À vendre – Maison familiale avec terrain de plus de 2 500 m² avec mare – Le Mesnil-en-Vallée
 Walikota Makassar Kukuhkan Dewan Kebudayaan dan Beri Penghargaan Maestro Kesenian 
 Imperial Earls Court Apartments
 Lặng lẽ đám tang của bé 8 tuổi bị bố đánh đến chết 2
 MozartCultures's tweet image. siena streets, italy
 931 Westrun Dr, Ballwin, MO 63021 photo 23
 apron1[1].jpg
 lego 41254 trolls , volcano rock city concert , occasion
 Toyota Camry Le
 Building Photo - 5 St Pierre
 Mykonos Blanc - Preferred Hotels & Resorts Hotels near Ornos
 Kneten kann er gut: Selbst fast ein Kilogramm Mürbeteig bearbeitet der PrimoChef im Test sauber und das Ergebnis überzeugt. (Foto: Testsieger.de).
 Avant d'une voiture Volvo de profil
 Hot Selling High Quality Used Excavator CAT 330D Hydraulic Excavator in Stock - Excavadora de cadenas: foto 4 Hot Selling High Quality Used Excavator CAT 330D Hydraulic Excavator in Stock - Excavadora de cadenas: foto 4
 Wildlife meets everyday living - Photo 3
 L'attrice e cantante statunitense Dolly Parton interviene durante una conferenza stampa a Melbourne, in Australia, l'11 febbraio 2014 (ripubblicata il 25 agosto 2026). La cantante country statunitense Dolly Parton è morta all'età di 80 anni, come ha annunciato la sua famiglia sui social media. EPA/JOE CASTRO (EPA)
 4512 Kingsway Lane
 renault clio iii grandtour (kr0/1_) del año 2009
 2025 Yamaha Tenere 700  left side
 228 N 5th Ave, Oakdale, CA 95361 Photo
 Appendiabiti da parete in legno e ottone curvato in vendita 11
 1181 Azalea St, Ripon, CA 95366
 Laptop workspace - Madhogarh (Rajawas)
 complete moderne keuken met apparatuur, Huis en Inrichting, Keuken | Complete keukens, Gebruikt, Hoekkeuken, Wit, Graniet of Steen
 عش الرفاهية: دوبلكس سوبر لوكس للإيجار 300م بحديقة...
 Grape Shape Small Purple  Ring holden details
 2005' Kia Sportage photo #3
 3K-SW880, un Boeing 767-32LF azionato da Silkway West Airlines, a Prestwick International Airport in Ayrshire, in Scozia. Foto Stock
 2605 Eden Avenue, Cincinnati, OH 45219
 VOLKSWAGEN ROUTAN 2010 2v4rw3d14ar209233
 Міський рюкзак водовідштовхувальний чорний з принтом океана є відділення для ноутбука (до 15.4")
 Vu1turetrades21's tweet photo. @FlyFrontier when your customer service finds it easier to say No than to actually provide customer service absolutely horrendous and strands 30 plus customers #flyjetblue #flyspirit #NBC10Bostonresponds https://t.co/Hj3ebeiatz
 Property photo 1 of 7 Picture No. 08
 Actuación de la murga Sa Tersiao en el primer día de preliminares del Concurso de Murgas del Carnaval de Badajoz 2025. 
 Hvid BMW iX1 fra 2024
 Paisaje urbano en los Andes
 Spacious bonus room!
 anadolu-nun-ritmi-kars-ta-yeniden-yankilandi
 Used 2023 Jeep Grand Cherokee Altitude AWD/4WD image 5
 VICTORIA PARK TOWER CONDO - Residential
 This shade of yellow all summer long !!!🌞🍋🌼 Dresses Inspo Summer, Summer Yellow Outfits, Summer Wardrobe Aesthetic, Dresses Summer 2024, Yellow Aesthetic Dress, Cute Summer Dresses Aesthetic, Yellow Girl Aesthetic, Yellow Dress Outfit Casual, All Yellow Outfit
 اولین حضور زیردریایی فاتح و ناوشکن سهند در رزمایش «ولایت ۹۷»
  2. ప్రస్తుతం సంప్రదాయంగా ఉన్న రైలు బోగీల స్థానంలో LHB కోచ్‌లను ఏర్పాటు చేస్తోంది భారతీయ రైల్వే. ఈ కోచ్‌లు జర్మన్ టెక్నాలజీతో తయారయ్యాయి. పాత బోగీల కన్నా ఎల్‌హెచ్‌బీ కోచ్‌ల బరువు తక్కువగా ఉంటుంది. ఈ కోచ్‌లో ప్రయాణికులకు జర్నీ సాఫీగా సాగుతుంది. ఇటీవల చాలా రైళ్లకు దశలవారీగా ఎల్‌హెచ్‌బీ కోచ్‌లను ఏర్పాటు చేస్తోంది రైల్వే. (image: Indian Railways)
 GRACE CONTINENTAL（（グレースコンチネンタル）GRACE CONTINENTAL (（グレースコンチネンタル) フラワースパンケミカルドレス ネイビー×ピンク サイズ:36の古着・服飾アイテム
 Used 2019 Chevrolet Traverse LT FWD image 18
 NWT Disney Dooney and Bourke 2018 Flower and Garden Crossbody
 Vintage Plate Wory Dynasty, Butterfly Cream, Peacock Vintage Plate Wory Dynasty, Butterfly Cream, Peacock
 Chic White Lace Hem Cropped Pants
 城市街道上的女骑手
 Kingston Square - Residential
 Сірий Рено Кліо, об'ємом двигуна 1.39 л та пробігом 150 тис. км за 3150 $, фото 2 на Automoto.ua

--

What the exercise asks →
Gather, from the listing above, every line carrying the word "image".

Exercise answer →
 MozartCultures's tweet image. siena streets, italy
 Used 2023 Jeep Grand Cherokee Altitude AWD/4WD image 5
  2. ప్రస్తుతం సంప్రదాయంగా ఉన్న రైలు బోగీల స్థానంలో LHB కోచ్‌లను ఏర్పాటు చేస్తోంది భారతీయ రైల్వే. ఈ కోచ్‌లు జర్మన్ టెక్నాలజీతో తయారయ్యాయి. పాత బోగీల కన్నా ఎల్‌హెచ్‌బీ కోచ్‌ల బరువు తక్కువగా ఉంటుంది. ఈ కోచ్‌లో ప్రయాణికులకు జర్నీ సాఫీగా సాగుతుంది. ఇటీవల చాలా రైళ్లకు దశలవారీగా ఎల్‌హెచ్‌బీ కోచ్‌లను ఏర్పాటు చేస్తోంది రైల్వే. (image: Indian Railways)
 Used 2019 Chevrolet Traverse LT FWD image 18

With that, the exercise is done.